[comp.ai] Re^2: Reasons why you don't prove your programs are correct

kempf@tci.bell-atl.com (Cory Kempf) (01/11/90)

bzs@world.std.com (Barry Shein) writes:

>Yes, the flap in the early 80's was over automatic program
>verification. It seemed that DOD was considering putting $150M into
>this so the debate became quite bloody.

I should think that the idea would be silly on the face of it... after
all, wouldn't it need to have a subroutine that could solve the
halting problem?  Last time I looked, it was still considered
impossible.  Maybe on the new Cray IV??*

+C

* Have you heard about the new Cray IV?  It can solve an infinate loop
in just 7 seconds!
-- 
Cory Kempf		Technology Concepts	     phone: (508) 443-7311 x341
uucp:	{anywhere}!uunet!tci!kempf, kempf@tci.bell-atl.com
DISCLAIMER: TCI is not responsible for my opinions, nor I for theirs

simpson@saturn.ind.trw.com (Scott Simpson) (01/12/90)

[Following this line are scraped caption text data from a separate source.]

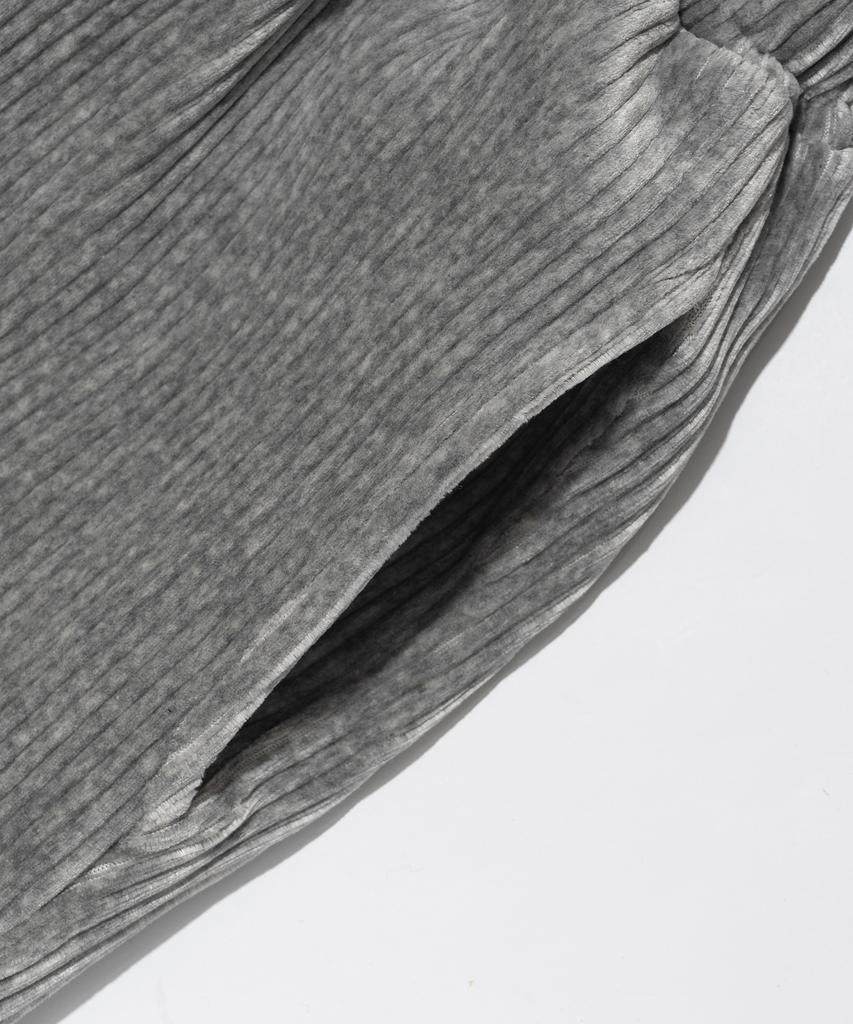 CARGOBROS Cb Corduroy Wide Pants (Gray)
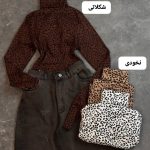 کراپ پلنگی فینگردار تلما 5109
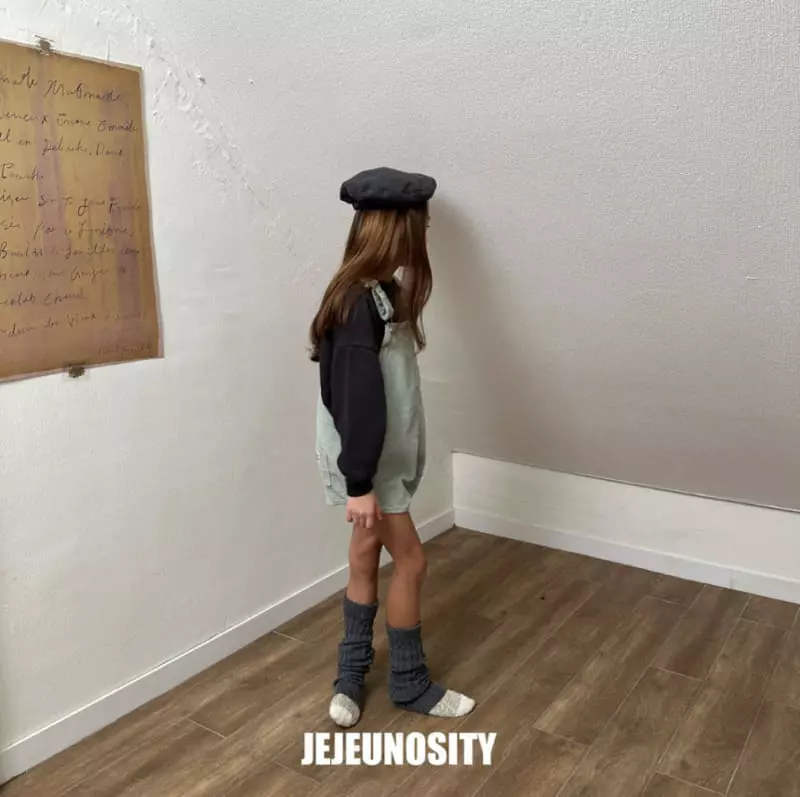Jejeunosity - Korean Children Fashion - #kidsstore - Fran Crop Tee - 5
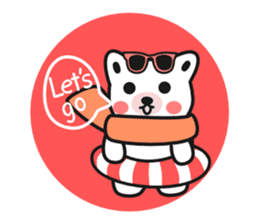 Polardog sticker #1011431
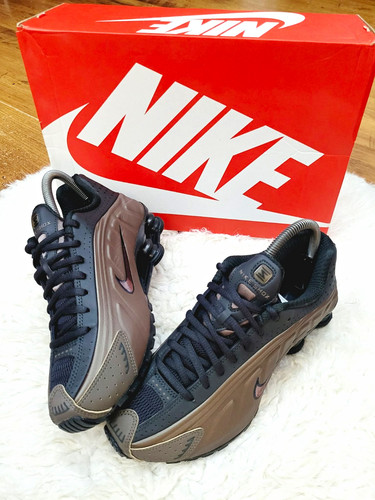Nike shox ironstone off - shox, r4
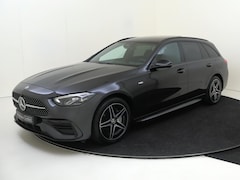 Mercedes-Benz C-klasse Estate - 300 e Business Solution AMG /Panoramadak /Nightpakket /Winterpakket /Carplay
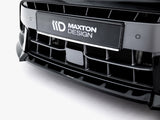 Front Splitter V.2 compatible with CUPRA Leon ST Mk1 Facelift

In article <548@tci.bell-atl.com> kempf@tci.bell-atl.com (Cory Kempf) writes:
>* Have you heard about the new Cray IV?  It can solve an infinate loop
>in just 7 seconds!

Yah, and it takes six halt instructions just to get it to stop!
Scott Simpson    TRW Information Networks Division    simpson@trwind.trw.com

bzs@world.std.com (Barry Shein) (01/12/90)

>I should think that the idea would be silly on the face of it... after
>all, wouldn't it need to have a subroutine that could solve the
>halting problem?  Last time I looked, it was still considered
>impossible.  Maybe on the new Cray IV??*
>
>+C

The halting problem states (very roughly) "There exists at least one
program who's halting conditions cannot be determined".

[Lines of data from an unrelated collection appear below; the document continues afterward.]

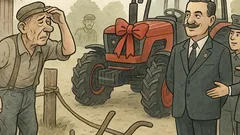 Vic: Tito po vojni naleti na kmeta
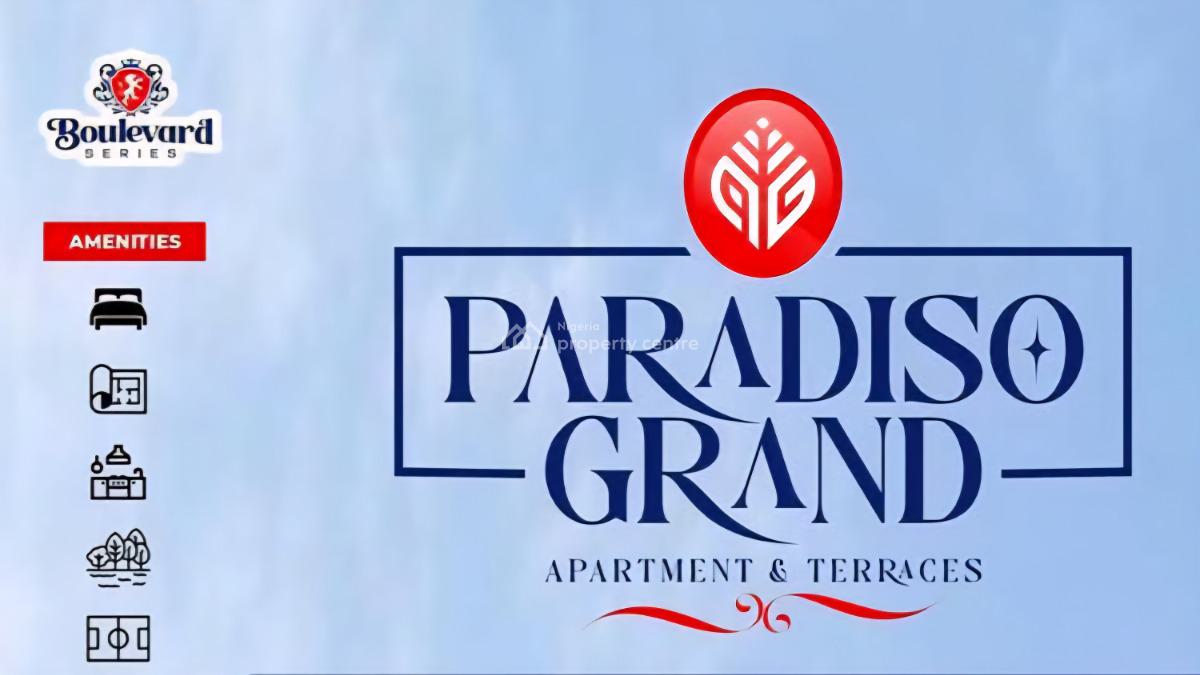 Paradiso Grand Apartments & Terraces -- Luxury Homes, Emerald Lakeview Phase 4, Beachwood Estate, Bogije, Ibeju Lekki, Lagos, Semi-detached Duplex for Sale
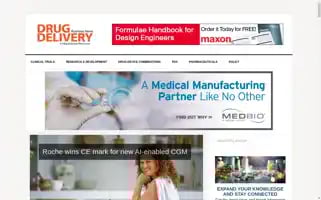 Drugdeliverybusiness.com Screenshot 2024-07-10 05:34:46
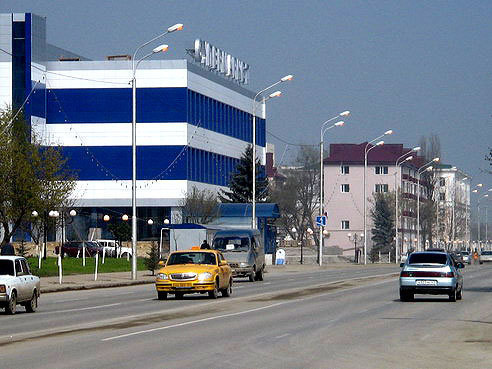 Чечня, Грозный. Фото с сайта www.chechnyafree.ru Чечня, Грозный. Фото с сайта www.chechnyafree.ru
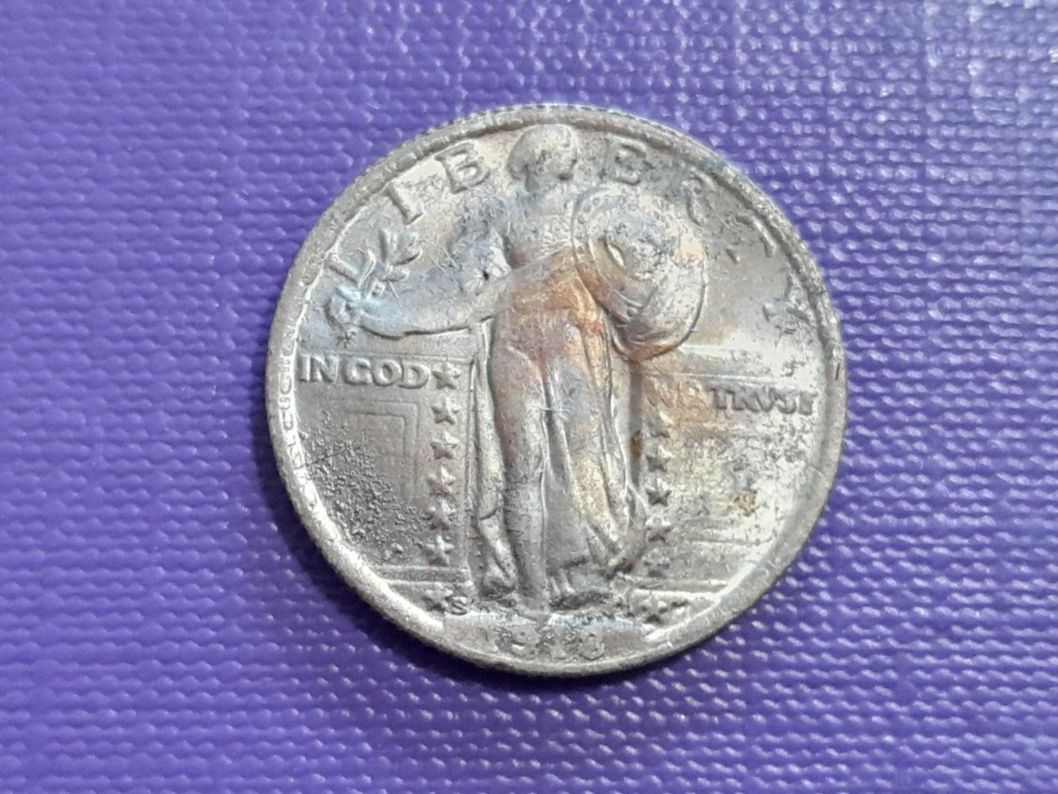 Tutti le monete: 1/4 dollar 1918, USA – Usato da Aarau venduto da Reto_BA_01
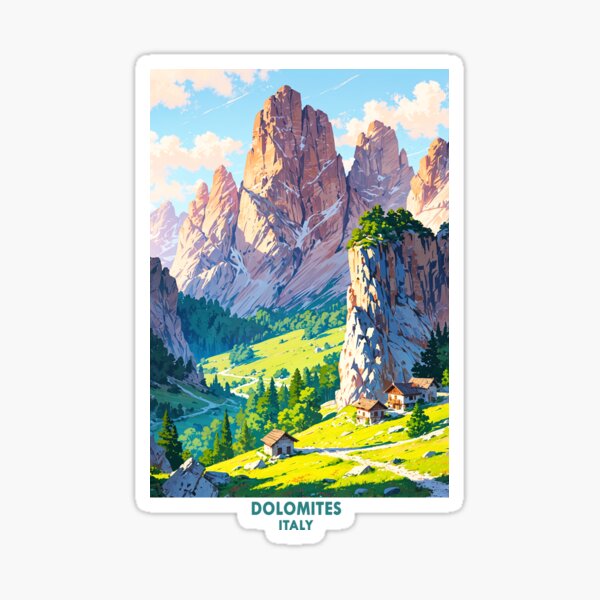 Item preview, Dolomites, Italy designed and sold by Worldscape Wonders.
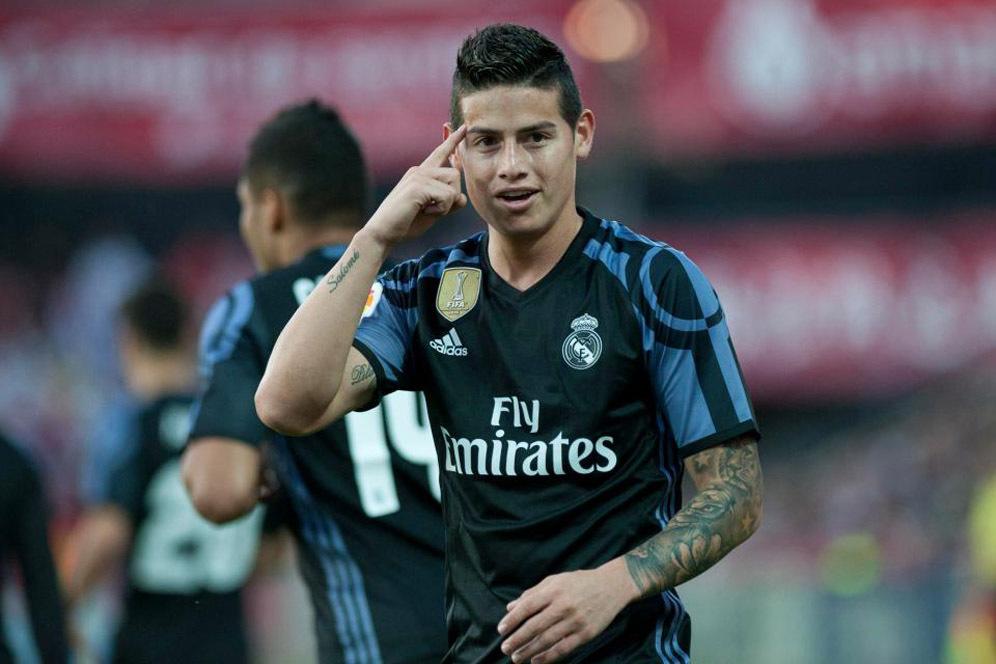 PSG Pimpin Perburuan James Rodriguez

People don't often write that program*, the fact that there was one
(or a few) theoretically possible counter-example would hardly be
sufficient to invalidate the concept of automatic program
verification.

Computer science education makes far too much of this interesting
observation and seems to leave people forever without hope that any
automatic examination of a loop can be fruitful (e.g. in a debugging
compiler.)

* People do write infinite loops frequently, but those are usually
easy to detect automatically with some inequality manipulations.
-- 
        -Barry Shein

Software Tool & Die, Purveyors to the Trade         | bzs@world.std.com
1330 Beacon St, Brookline, MA 02146, (617) 739-0202 | {xylogics,uunet}world!bzs

kers@hplb.hpl.hp.com (Kers) (01/12/90)

joshua@athertn.Atherton.COM (Flame Bait) writes:

|   "Proving your programs are correct" seems to mean different things
|   to different people:

|   One group thinks it means that your program does exactly what your
|   spec says it should.

   ...

|   The first sort of proof is obviously useless, the spec becomes the
|   program, and bugs in the spec become bugs in the program.  Also,
|   specifing most programs is impossible; and if you could, then you
|   could write a compiler for the specification language.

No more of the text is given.